◆ Task goal ◆
Only lines containing the string "Cohapar" belong in the answer; copy all of them from the entries.

◆ Material provided ◆
************

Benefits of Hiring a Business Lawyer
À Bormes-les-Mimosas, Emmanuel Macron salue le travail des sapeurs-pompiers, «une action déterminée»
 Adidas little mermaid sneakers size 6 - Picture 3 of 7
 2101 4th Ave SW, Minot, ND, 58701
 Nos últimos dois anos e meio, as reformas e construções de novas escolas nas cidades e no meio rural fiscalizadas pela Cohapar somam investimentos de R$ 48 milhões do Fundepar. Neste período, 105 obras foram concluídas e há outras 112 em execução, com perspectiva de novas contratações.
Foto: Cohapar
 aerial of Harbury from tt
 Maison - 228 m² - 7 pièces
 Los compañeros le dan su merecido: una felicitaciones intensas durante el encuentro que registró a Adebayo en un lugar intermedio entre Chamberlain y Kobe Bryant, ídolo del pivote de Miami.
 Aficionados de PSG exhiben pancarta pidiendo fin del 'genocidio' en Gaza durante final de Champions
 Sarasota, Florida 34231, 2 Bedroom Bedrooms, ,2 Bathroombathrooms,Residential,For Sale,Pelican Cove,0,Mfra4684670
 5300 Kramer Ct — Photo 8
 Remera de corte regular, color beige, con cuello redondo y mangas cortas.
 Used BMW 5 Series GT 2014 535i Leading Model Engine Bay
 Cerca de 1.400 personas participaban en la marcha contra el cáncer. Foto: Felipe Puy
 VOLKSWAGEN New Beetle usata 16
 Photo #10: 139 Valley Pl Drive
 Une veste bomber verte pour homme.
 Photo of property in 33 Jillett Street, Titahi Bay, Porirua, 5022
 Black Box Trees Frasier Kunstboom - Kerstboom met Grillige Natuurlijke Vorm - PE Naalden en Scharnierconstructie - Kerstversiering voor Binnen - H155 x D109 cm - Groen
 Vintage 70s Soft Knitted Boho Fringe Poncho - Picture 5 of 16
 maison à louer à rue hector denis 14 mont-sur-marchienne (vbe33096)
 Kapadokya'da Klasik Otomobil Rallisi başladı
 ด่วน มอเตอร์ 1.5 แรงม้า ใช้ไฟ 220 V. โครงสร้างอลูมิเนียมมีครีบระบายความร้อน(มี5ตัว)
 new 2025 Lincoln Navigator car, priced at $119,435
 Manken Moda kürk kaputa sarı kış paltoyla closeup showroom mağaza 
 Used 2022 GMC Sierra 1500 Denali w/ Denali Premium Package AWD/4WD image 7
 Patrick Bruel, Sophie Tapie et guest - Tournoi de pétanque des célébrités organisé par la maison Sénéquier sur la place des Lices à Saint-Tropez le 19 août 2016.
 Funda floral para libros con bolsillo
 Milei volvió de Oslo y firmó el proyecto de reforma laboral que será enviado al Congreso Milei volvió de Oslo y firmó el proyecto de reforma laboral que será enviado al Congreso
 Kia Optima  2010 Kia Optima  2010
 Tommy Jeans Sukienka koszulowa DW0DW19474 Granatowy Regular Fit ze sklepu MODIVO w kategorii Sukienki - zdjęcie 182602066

************

◆ Result of the task ◆
 Nos últimos dois anos e meio, as reformas e construções de novas escolas nas cidades e no meio rural fiscalizadas pela Cohapar somam investimentos de R$ 48 milhões do Fundepar. Neste período, 105 obras foram concluídas e há outras 112 em execução, com perspectiva de novas contratações.
Foto: Cohapar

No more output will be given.